● **Problem description**: Every entry is to be returned as it stands, apart from the pictures.

● **Listed entries**:
▬▬▬

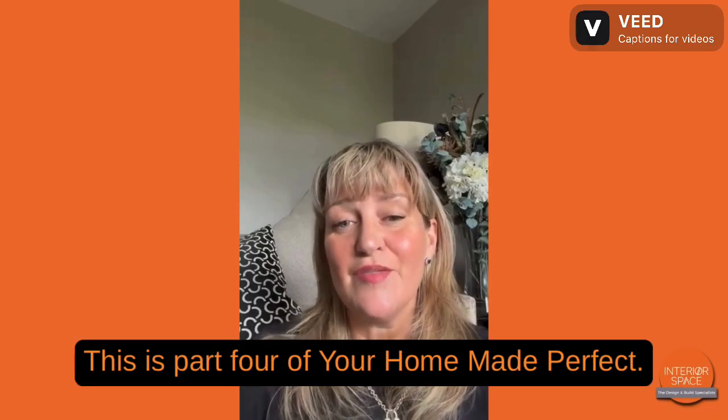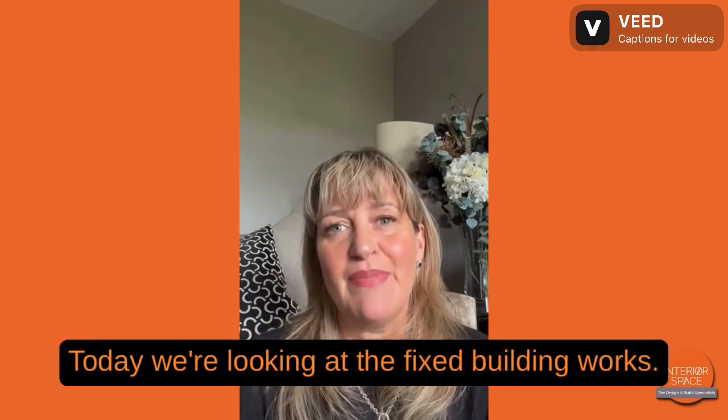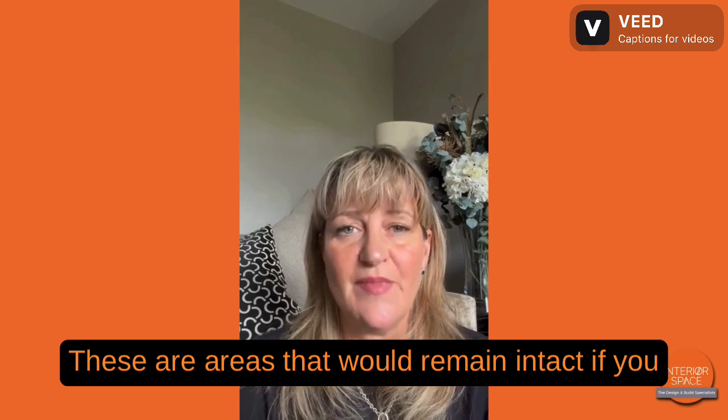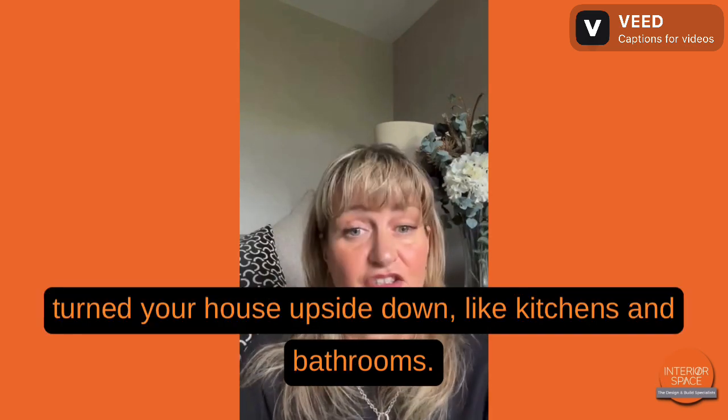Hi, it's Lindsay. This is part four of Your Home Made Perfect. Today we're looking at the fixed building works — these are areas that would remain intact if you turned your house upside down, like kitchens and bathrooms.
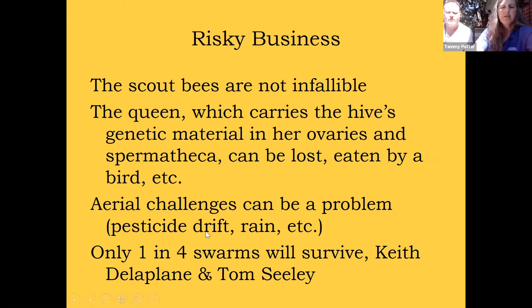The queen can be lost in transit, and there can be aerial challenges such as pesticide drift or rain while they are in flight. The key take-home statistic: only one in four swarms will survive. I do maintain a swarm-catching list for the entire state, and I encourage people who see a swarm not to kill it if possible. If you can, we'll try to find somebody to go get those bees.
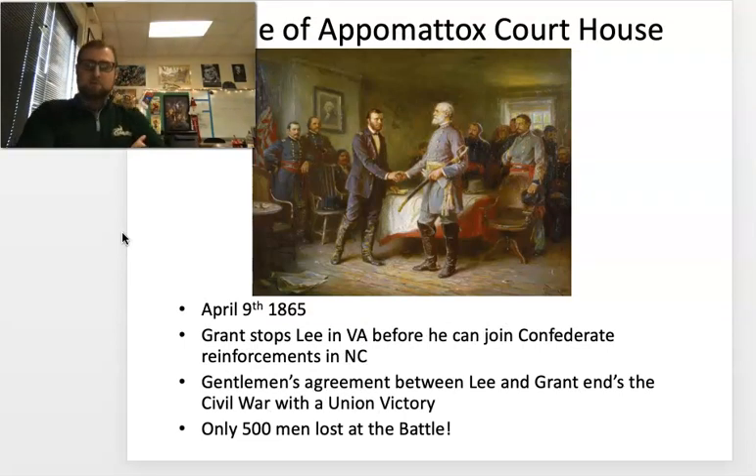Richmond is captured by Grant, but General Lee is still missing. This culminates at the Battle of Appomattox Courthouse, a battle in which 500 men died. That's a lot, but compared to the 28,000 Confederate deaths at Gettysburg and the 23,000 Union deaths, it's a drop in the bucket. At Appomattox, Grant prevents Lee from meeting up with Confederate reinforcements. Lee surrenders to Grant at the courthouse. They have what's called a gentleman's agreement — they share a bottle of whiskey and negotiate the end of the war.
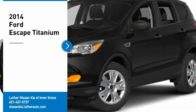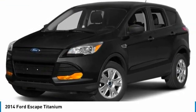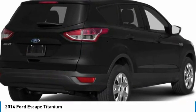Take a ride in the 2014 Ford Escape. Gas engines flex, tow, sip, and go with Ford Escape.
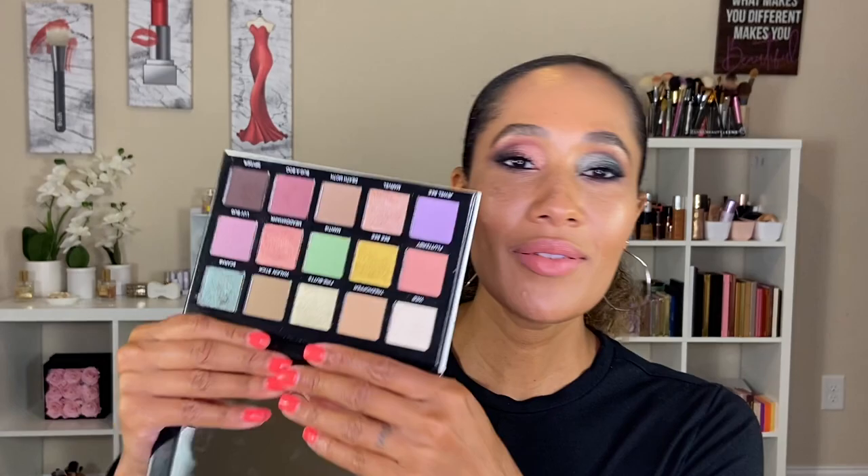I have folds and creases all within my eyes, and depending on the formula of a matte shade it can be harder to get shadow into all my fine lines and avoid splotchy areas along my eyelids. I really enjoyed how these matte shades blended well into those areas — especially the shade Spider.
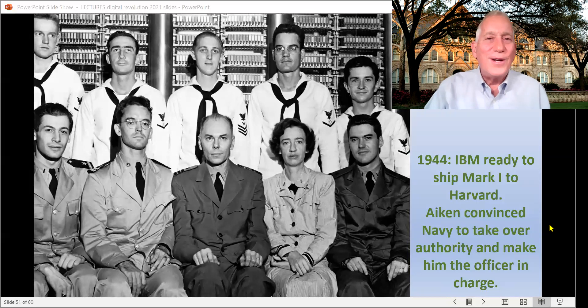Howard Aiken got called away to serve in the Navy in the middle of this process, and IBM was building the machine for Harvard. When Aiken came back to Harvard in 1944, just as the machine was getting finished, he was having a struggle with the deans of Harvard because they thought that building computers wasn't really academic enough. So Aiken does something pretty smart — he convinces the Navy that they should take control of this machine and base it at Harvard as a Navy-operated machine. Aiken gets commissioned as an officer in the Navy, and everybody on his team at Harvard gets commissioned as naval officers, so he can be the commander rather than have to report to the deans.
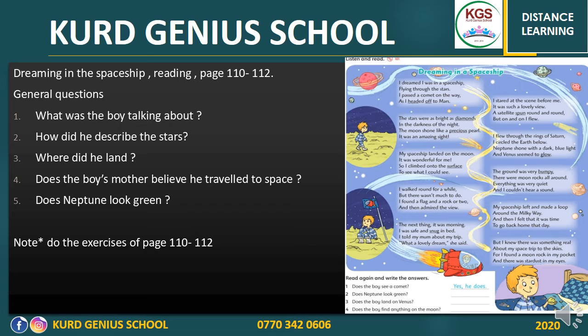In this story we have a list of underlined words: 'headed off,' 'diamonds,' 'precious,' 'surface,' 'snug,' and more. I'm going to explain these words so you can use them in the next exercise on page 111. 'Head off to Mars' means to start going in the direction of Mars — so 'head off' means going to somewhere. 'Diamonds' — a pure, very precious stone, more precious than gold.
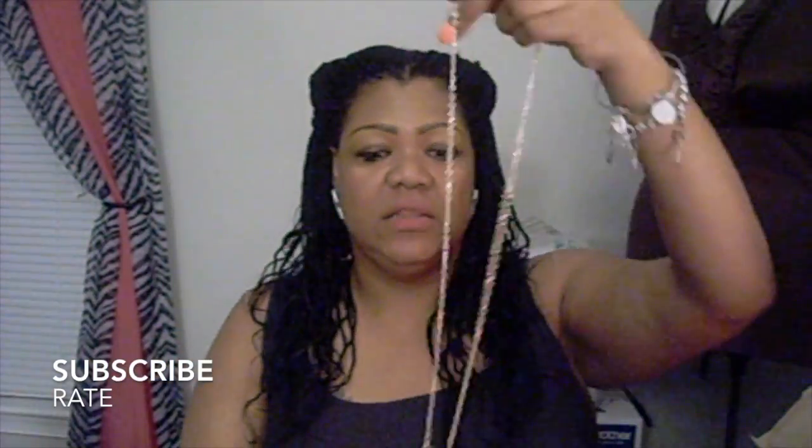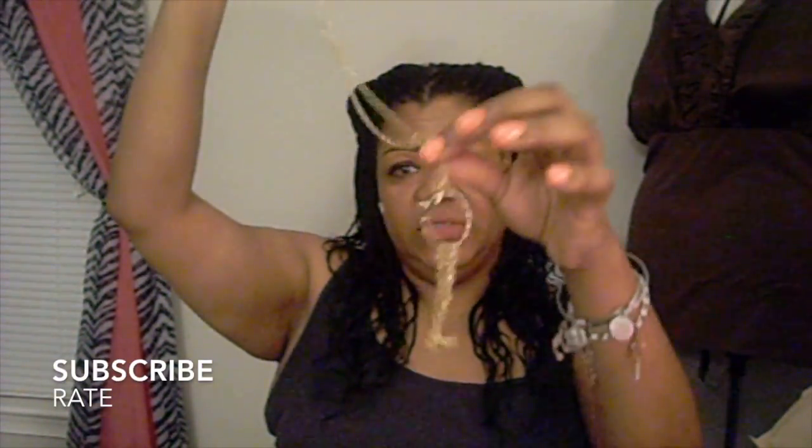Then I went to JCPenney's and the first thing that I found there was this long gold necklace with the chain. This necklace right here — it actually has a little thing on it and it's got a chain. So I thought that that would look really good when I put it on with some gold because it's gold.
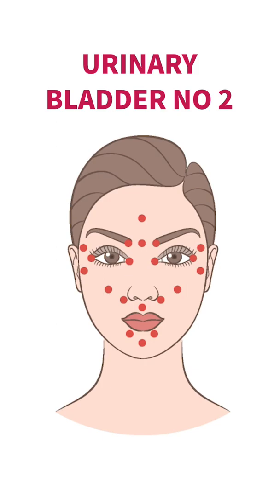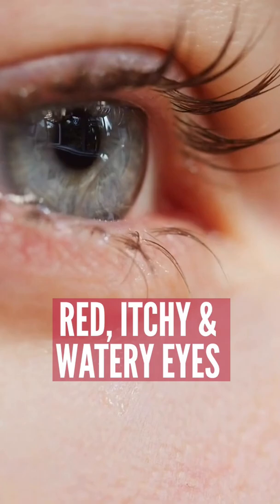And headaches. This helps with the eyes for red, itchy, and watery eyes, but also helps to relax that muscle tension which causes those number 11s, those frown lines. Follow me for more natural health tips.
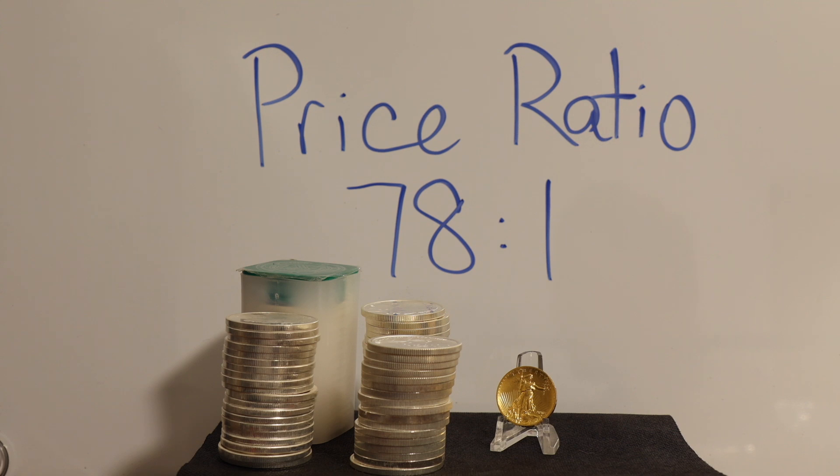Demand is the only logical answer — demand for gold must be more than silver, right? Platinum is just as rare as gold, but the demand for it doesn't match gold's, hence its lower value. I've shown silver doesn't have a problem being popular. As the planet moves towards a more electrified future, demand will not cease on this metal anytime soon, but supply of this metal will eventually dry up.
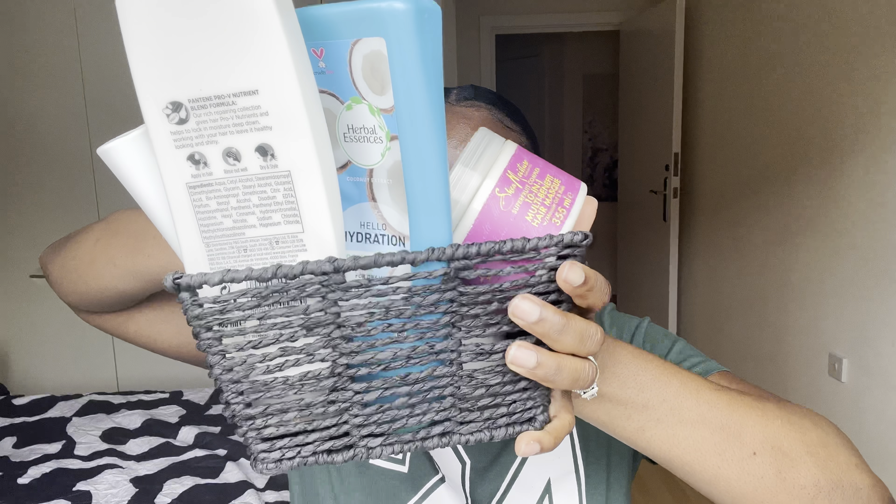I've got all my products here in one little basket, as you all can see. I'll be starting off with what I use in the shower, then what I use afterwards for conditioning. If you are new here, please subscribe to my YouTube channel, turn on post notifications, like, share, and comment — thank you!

▬▬▬

● **Written reply**:
Hi, it's Lindsay. This is part four of Your Home Made Perfect. Today we're looking at the fixed building works — these are areas that would remain intact if you turned your house upside down, like kitchens and bathrooms.
The queen can be lost in transit, and there can be aerial challenges such as pesticide drift or rain while they are in flight. The key take-home statistic: only one in four swarms will survive. I do maintain a swarm-catching list for the entire state, and I encourage people who see a swarm not to kill it if possible. If you can, we'll try to find somebody to go get those bees.
Richmond is captured by Grant, but General Lee is still missing. This culminates at the Battle of Appomattox Courthouse, a battle in which 500 men died. That's a lot, but compared to the 28,000 Confederate deaths at Gettysburg and the 23,000 Union deaths, it's a drop in the bucket. At Appomattox, Grant prevents Lee from meeting up with Confederate reinforcements. Lee surrenders to Grant at the courthouse. They have what's called a gentleman's agreement — they share a bottle of whiskey and negotiate the end of the war.
Take a ride in the 2014 Ford Escape. Gas engines flex, tow, sip, and go with Ford Escape.
I have folds and creases all within my eyes, and depending on the formula of a matte shade it can be harder to get shadow into all my fine lines and avoid splotchy areas along my eyelids. I really enjoyed how these matte shades blended well into those areas — especially the shade Spider.
Howard Aiken got called away to serve in the Navy in the middle of this process, and IBM was building the machine for Harvard. When Aiken came back to Harvard in 1944, just as the machine was getting finished, he was having a struggle with the deans of Harvard because they thought that building computers wasn't really academic enough. So Aiken does something pretty smart — he convinces the Navy that they should take control of this machine and base it at Harvard as a Navy-operated machine. Aiken gets commissioned as an officer in the Navy, and everybody on his team at Harvard gets commissioned as naval officers, so he can be the commander rather than have to report to the deans.
In this story we have a list of underlined words: 'headed off,' 'diamonds,' 'precious,' 'surface,' 'snug,' and more. I'm going to explain these words so you can use them in the next exercise on page 111. 'Head off to Mars' means to start going in the direction of Mars — so 'head off' means going to somewhere. 'Diamonds' — a pure, very precious stone, more precious than gold.
Then I went to JCPenney's and the first thing that I found there was this long gold necklace with the chain. This necklace right here — it actually has a little thing on it and it's got a chain. So I thought that that would look really good when I put it on with some gold because it's gold.
And headaches. This helps with the eyes for red, itchy, and watery eyes, but also helps to relax that muscle tension which causes those number 11s, those frown lines. Follow me for more natural health tips.
Demand is the only logical answer — demand for gold must be more than silver, right? Platinum is just as rare as gold, but the demand for it doesn't match gold's, hence its lower value. I've shown silver doesn't have a problem being popular. As the planet moves towards a more electrified future, demand will not cease on this metal anytime soon, but supply of this metal will eventually dry up.
I've got all my products here in one little basket, as you all can see. I'll be starting off with what I use in the shower, then what I use afterwards for conditioning. If you are new here, please subscribe to my YouTube channel, turn on post notifications, like, share, and comment — thank you!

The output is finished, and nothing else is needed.